Yes! I think that's in Memories, Dreams, Reflections. A great book.

mrsdarwin said...

Rebekka, I think that's true. Most of our broken furniture goes out for a stint in the garage before it goes to the trash, because we have this illusion that one day we'll fix the item and bring it back to life. My bed frame is currently residing out there, and we've put off buying a new one for four years because we keep saying we'll fix the old one, which has great sentimental value (being our wedding bed and all). However, I've put a time limit on it. If it's not fixed by the time baby is born in July, we get a new one.

We inherited a number of kitchen items from Darwin's grandmother when she died, and most of them work far better than the more modern stuff we received as wedding presents. I only wish she'd had a dutch oven -- I've wanted one for ages.

Maclin said...

I have a really hard time putting things out by the curb when they have some kind of connection to the past. There is a platform rocker in my quasi-study which is the only object I have from the house of my maternal grandparents, both of whom have been dead for decades, and the house itself sold in the early '70s. Moreover, my wife nursed our babies in it. The chair is nothing special and its upholstery is disintegrating and would cost far more to replace than the chair could ever be worth.

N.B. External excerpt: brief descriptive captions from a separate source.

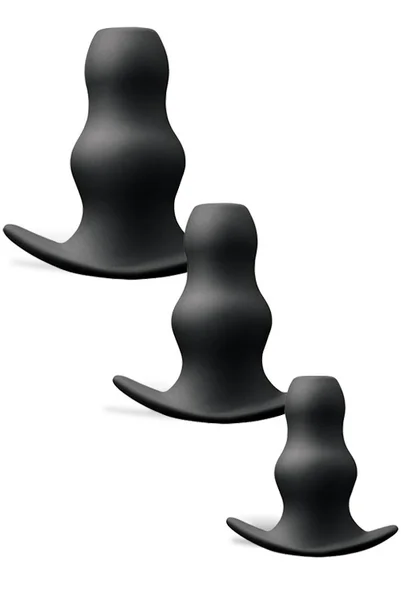 nsnovelties Hollow Rippled Silicone Butt Plug Set (3 Pce) — image 7 of 10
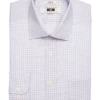 Joseph Abboud Classic Fit Spread Collar Dress Shirt, Burgundy Grid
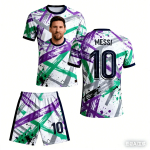 Suvine uus komplekt Cristiano Ronaldo Messi Mbapp Yamal 3D tr&uuml;kiga jalgpallis&auml;rk kiiresti kuivav l&uuml;hikeste varrukatega spordikomplekt t&auml;iskasvanutele lastele 130
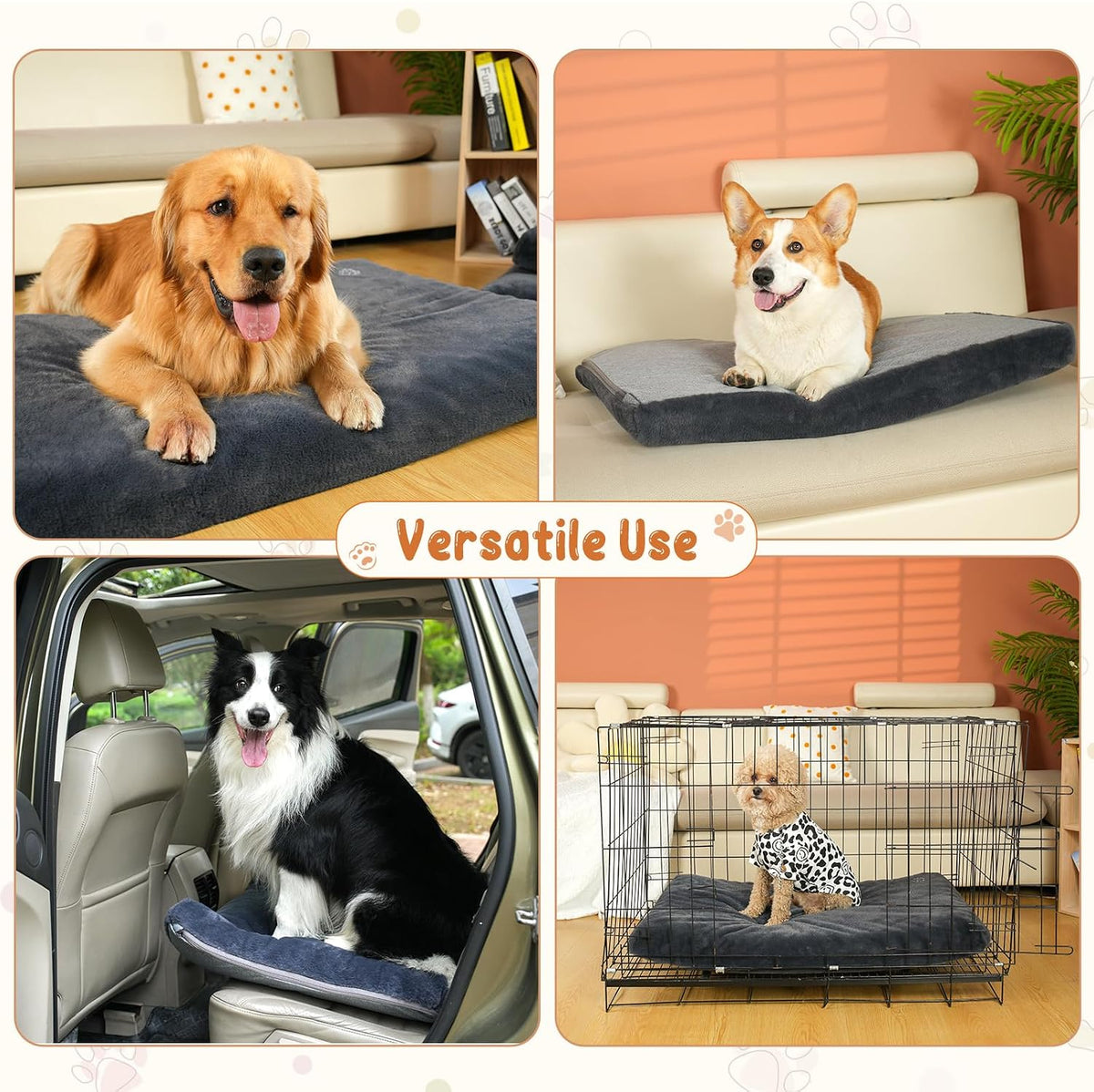 EMPSIGN Dog Bed Mat Crate Pad Mattress, Ultra Soft Pet Kennel, Grey, Large
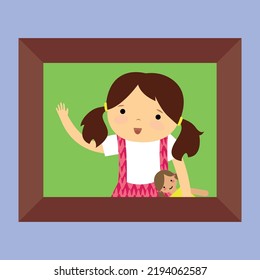portrait of a girl with ponytails in a photo frame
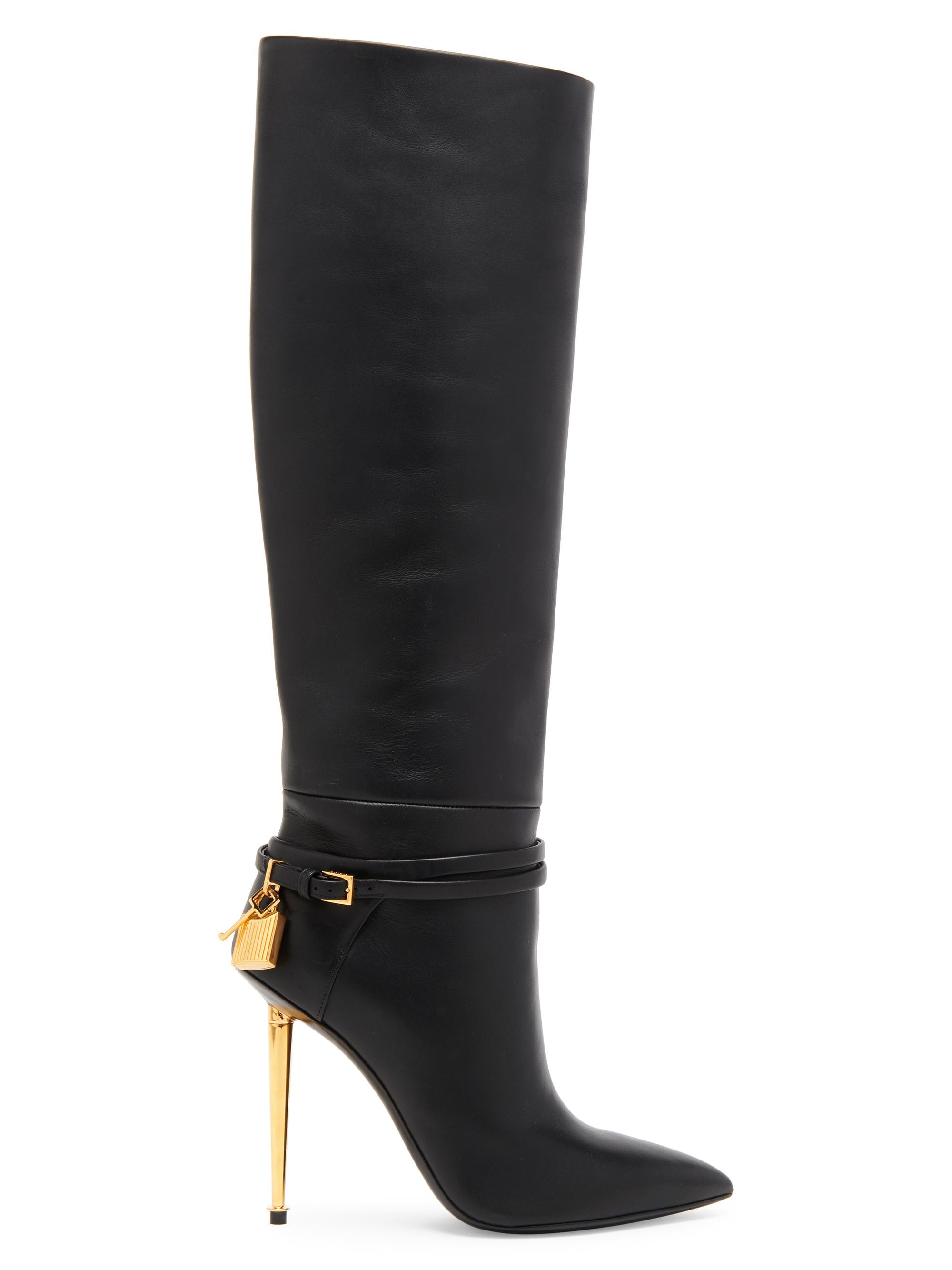 TOM FORD Women's 105MM Leather Stiletto Knee-Hight Boots - Black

A few weeks ago we steeled ourselves to get rid of it and offered it, free, to a store that sells a lot of fixed-up secondhand stuff. They gave us a polite southern version of "we don't want that piece of crap." So I moved it to my quasi-study, where it does not fit, and that will probably be the last time I try to get rid of it.

Rodak said...

He is now a lawyer in a different city

That creates in me such a sense of alienation. Or, maybe the sense is already there, but that only activates it?

[word verification is "swami"]

Arkanabar T'verrick Ilarsadin said...

I'm going to make a different suggestion for restoring your old cast iron.

Broil it for a few hours, with the oven closed. That ought to oxidize all the organic materials currently thereon, leaving only carbon, if even that. Allow it to cool, scrub thoroughly with steel wool, and see if you don't wind up with a completely unseasoned dutch oven as a result.

Pentimento said...

Thank you, Arkanabar. I stashed it in the garage and am cooking with my new one right now, but perhaps I will give that a try. The only problem is that it smells foul when it cooks.

Pentimento said...

As to alienation, Rodak, as M. used to say, it is what it is.